To do
Word for word, restate each of the entries below, and drop every picture.

------------------------

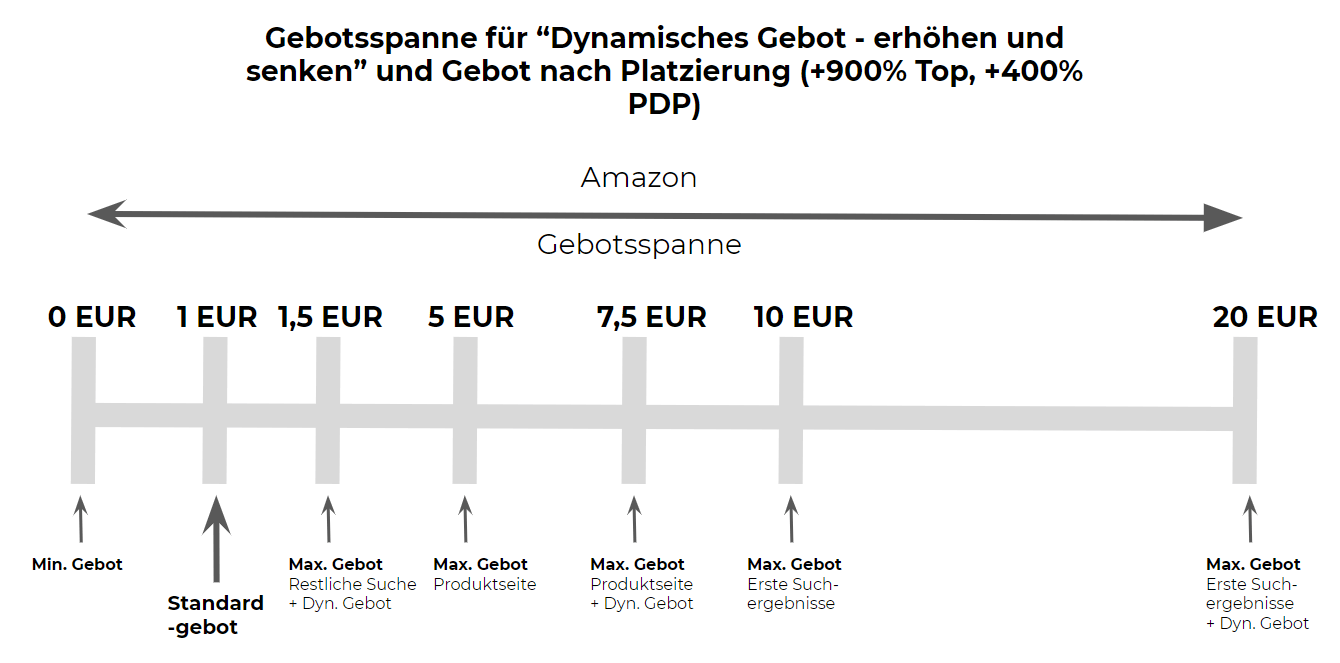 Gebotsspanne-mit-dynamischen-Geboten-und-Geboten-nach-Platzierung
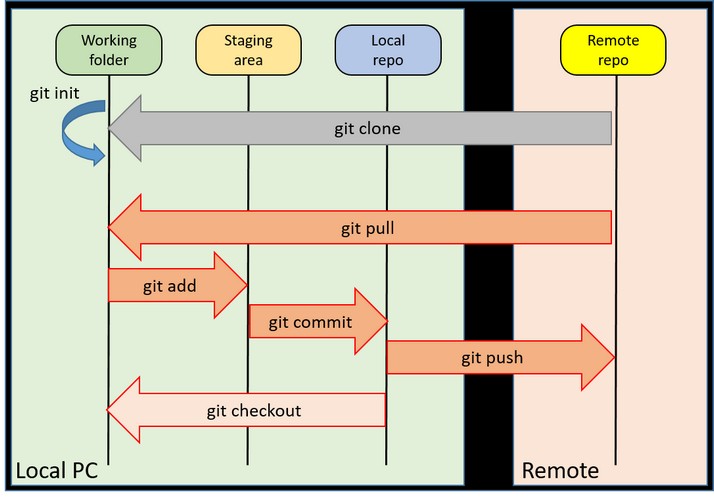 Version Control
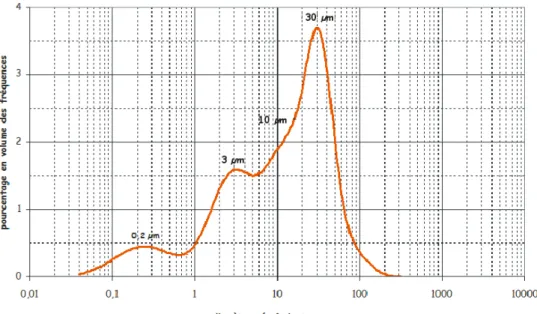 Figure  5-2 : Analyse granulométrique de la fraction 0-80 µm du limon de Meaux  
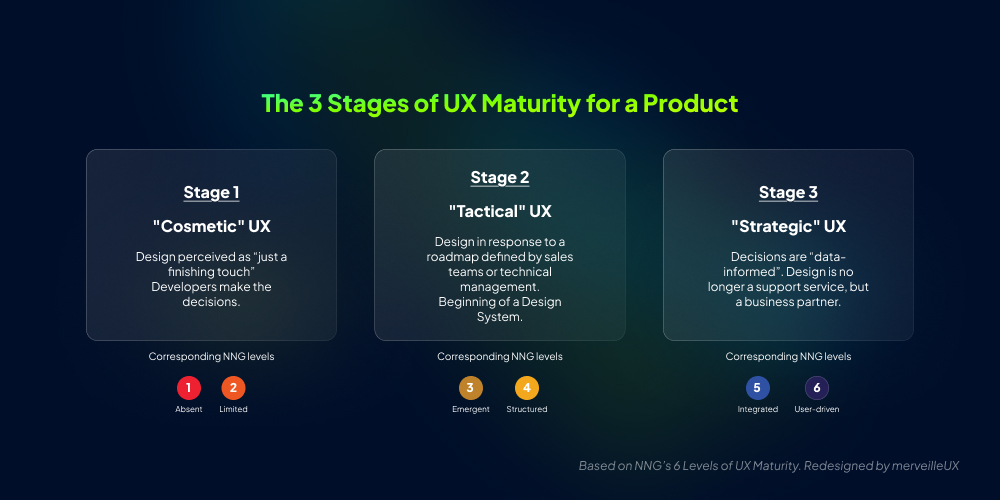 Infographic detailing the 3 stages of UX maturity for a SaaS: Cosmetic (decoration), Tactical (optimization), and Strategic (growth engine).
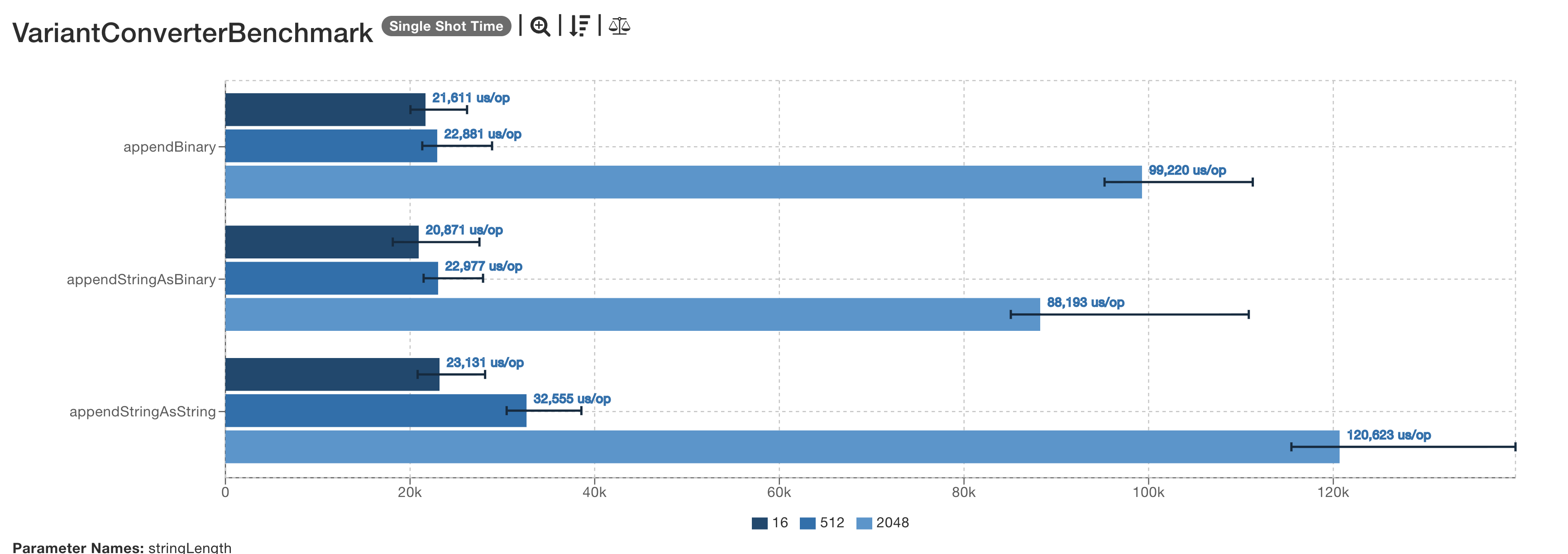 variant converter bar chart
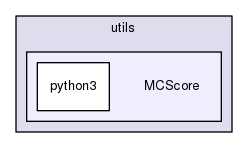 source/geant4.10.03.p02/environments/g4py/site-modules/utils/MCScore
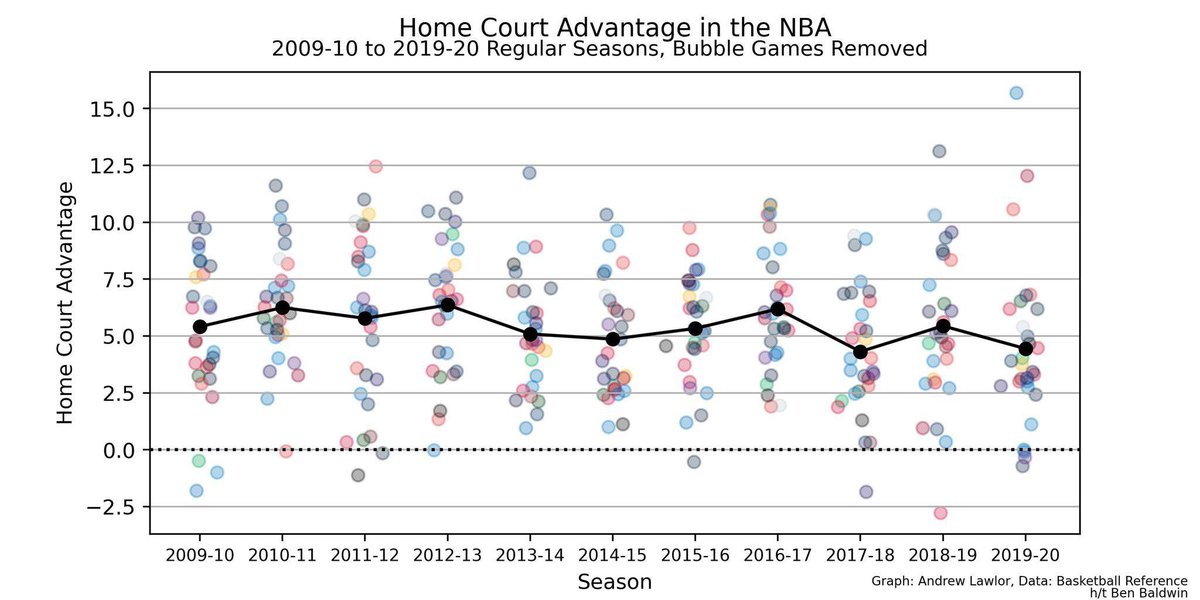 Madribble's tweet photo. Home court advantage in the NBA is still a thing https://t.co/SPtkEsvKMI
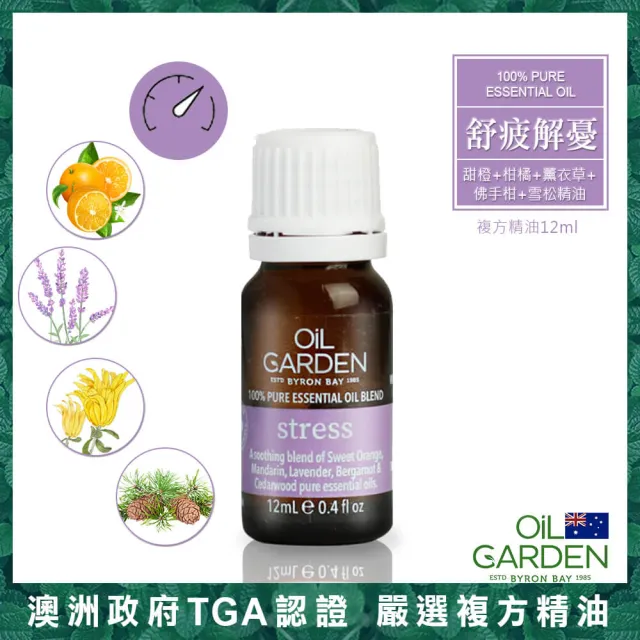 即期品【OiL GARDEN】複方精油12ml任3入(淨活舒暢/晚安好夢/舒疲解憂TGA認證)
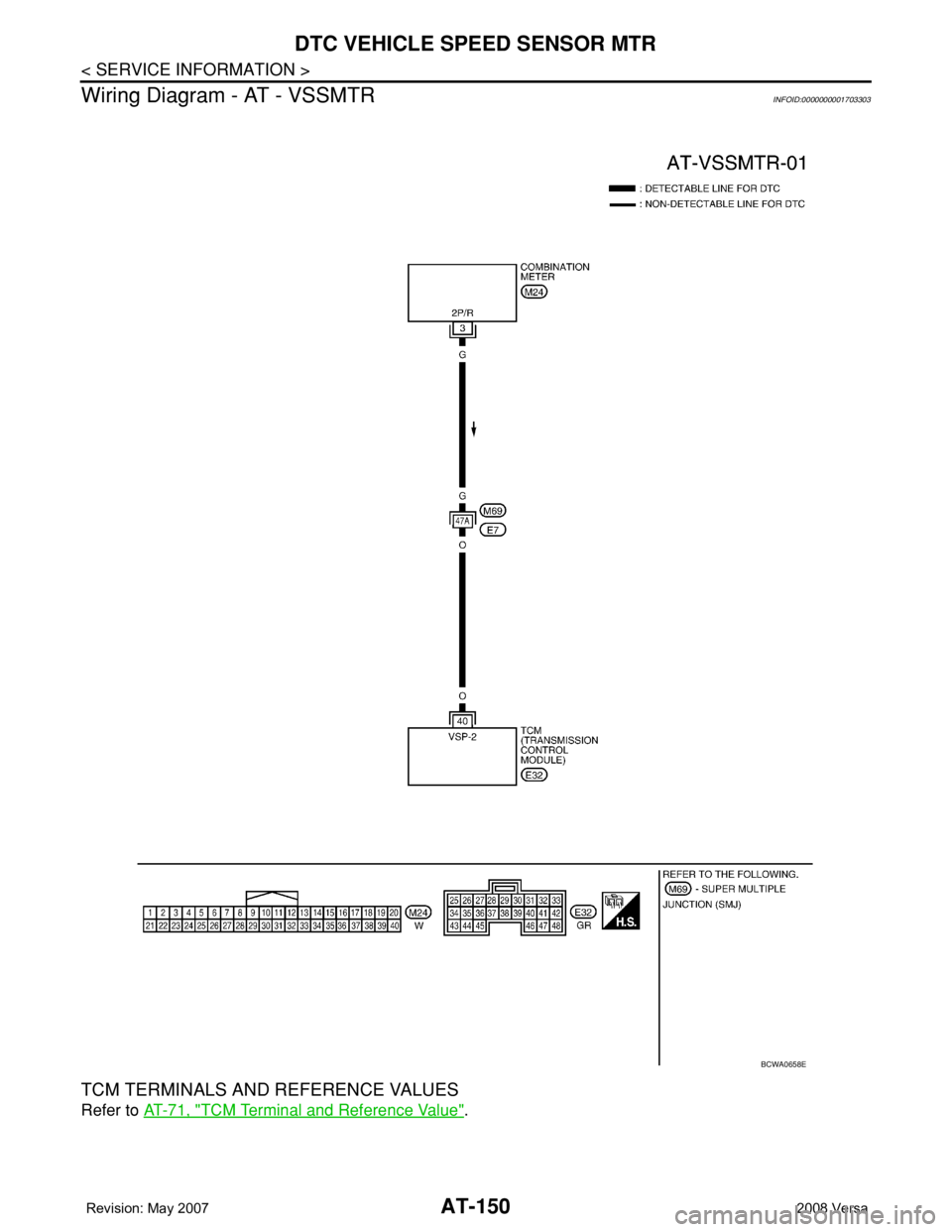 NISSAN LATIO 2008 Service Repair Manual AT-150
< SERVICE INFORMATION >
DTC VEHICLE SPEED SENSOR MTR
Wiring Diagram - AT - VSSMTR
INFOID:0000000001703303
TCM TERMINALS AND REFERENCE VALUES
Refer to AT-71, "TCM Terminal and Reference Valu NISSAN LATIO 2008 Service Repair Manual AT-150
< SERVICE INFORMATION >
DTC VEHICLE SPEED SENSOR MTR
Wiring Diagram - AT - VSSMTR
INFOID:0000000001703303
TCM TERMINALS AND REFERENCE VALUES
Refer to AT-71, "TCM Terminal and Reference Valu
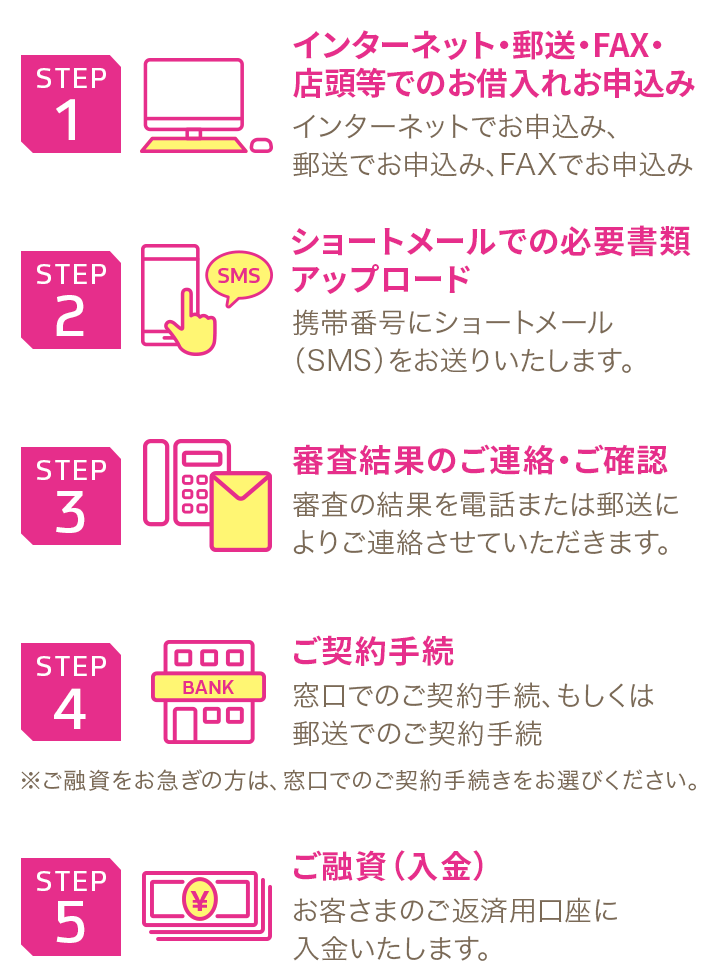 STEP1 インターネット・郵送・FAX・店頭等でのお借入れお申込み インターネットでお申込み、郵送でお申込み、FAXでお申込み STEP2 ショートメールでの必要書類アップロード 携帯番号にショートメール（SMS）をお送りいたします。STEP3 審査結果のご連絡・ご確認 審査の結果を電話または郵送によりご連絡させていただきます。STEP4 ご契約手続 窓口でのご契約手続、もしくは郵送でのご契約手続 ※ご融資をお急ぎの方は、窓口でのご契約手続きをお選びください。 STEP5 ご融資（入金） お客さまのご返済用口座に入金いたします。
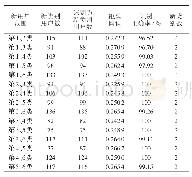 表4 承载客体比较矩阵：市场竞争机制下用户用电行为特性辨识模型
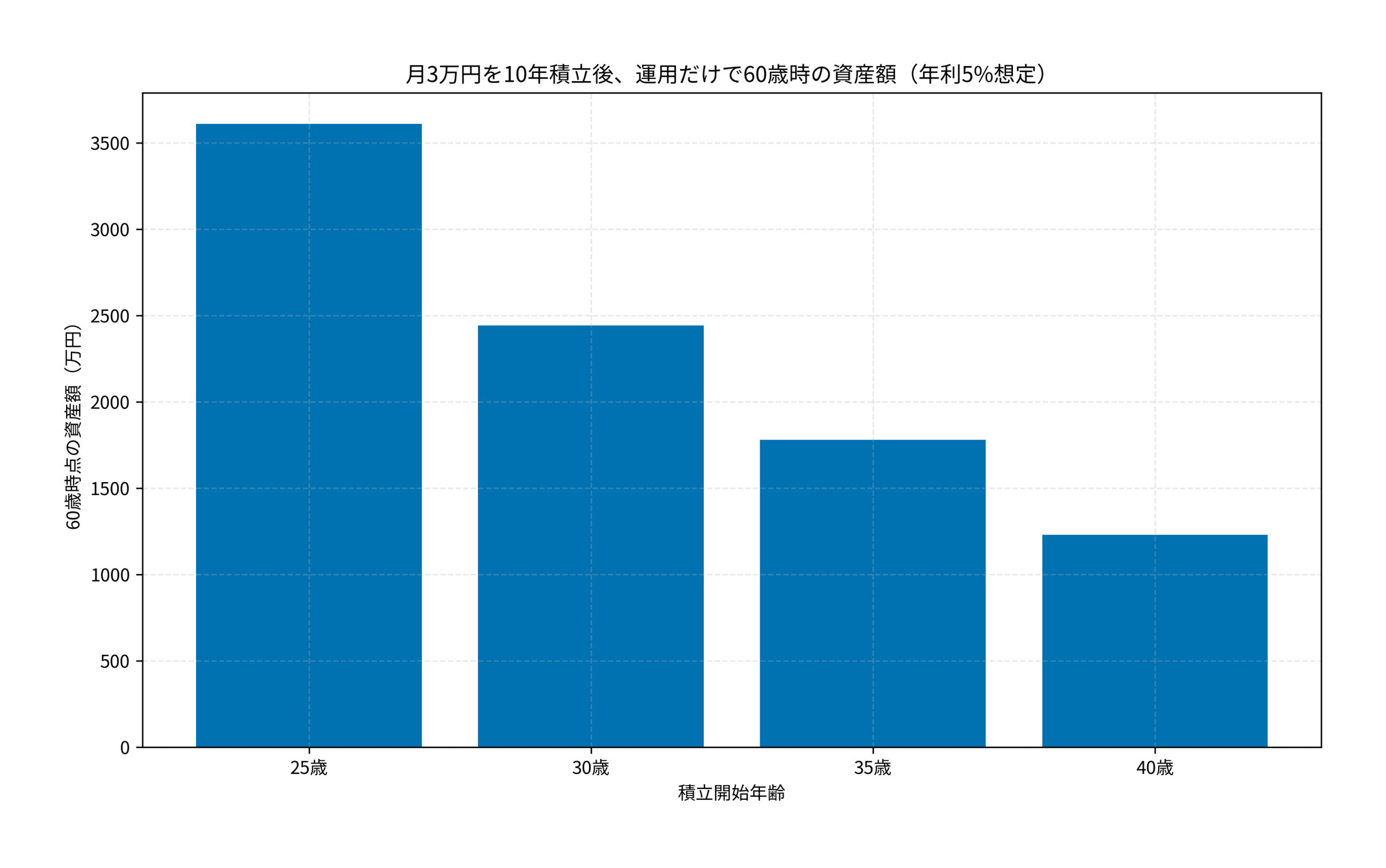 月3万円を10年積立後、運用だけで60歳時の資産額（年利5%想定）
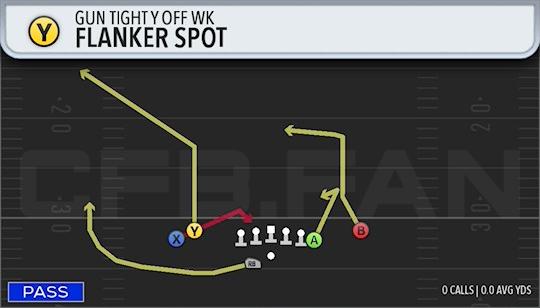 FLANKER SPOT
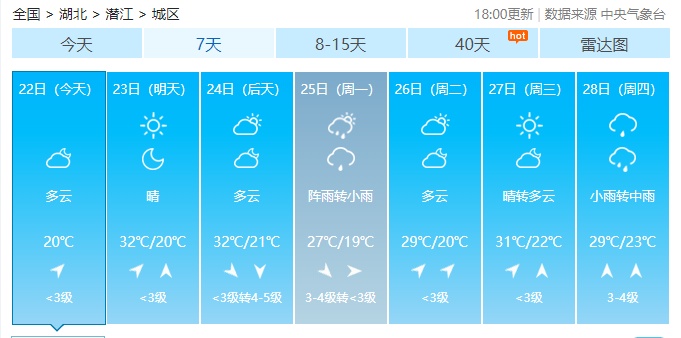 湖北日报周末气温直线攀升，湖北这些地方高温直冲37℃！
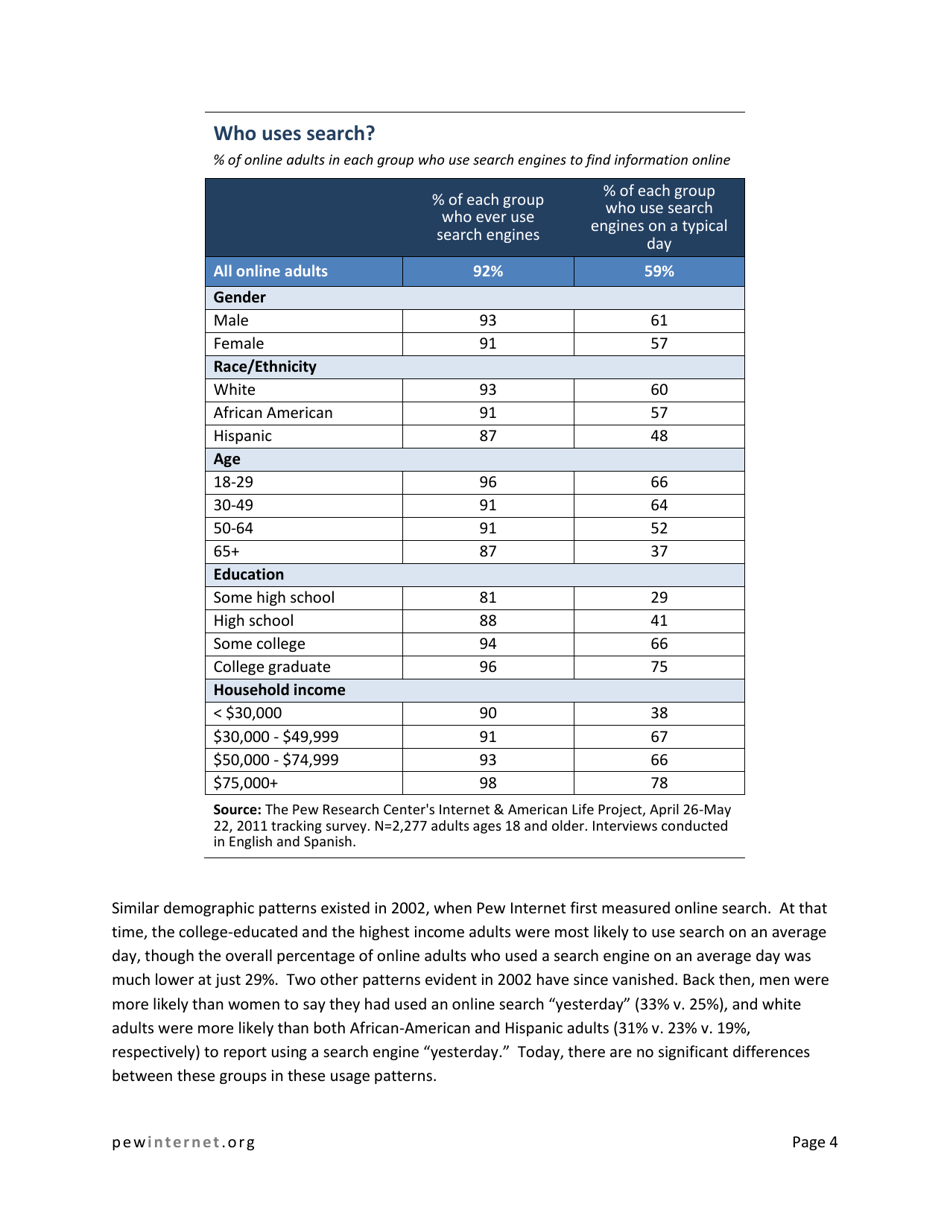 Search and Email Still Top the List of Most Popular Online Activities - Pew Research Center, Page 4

------------------------

Result
 Gebotsspanne-mit-dynamischen-Geboten-und-Geboten-nach-Platzierung
 Version Control
 Figure  5-2 : Analyse granulométrique de la fraction 0-80 µm du limon de Meaux  
 Infographic detailing the 3 stages of UX maturity for a SaaS: Cosmetic (decoration), Tactical (optimization), and Strategic (growth engine).
 variant converter bar chart
 source/geant4.10.03.p02/environments/g4py/site-modules/utils/MCScore
 Madribble's tweet photo. Home court advantage in the NBA is still a thing https://t.co/SPtkEsvKMI
 即期品【OiL GARDEN】複方精油12ml任3入(淨活舒暢/晚安好夢/舒疲解憂TGA認證)
 NISSAN LATIO 2008 Service Repair Manual AT-150
< SERVICE INFORMATION >
DTC VEHICLE SPEED SENSOR MTR
Wiring Diagram - AT - VSSMTR
INFOID:0000000001703303
TCM TERMINALS AND REFERENCE VALUES
Refer to AT-71, "TCM Terminal and Reference Valu NISSAN LATIO 2008 Service Repair Manual AT-150
< SERVICE INFORMATION >
DTC VEHICLE SPEED SENSOR MTR
Wiring Diagram - AT - VSSMTR
INFOID:0000000001703303
TCM TERMINALS AND REFERENCE VALUES
Refer to AT-71, "TCM Terminal and Reference Valu
 STEP1 インターネット・郵送・FAX・店頭等でのお借入れお申込み インターネットでお申込み、郵送でお申込み、FAXでお申込み STEP2 ショートメールでの必要書類アップロード 携帯番号にショートメール（SMS）をお送りいたします。STEP3 審査結果のご連絡・ご確認 審査の結果を電話または郵送によりご連絡させていただきます。STEP4 ご契約手続 窓口でのご契約手続、もしくは郵送でのご契約手続 ※ご融資をお急ぎの方は、窓口でのご契約手続きをお選びください。 STEP5 ご融資（入金） お客さまのご返済用口座に入金いたします。
 表4 承载客体比较矩阵：市场竞争机制下用户用电行为特性辨识模型
 月3万円を10年積立後、運用だけで60歳時の資産額（年利5%想定）
 FLANKER SPOT
 湖北日报周末气温直线攀升，湖北这些地方高温直冲37℃！
 Search and Email Still Top the List of Most Popular Online Activities - Pew Research Center, Page 4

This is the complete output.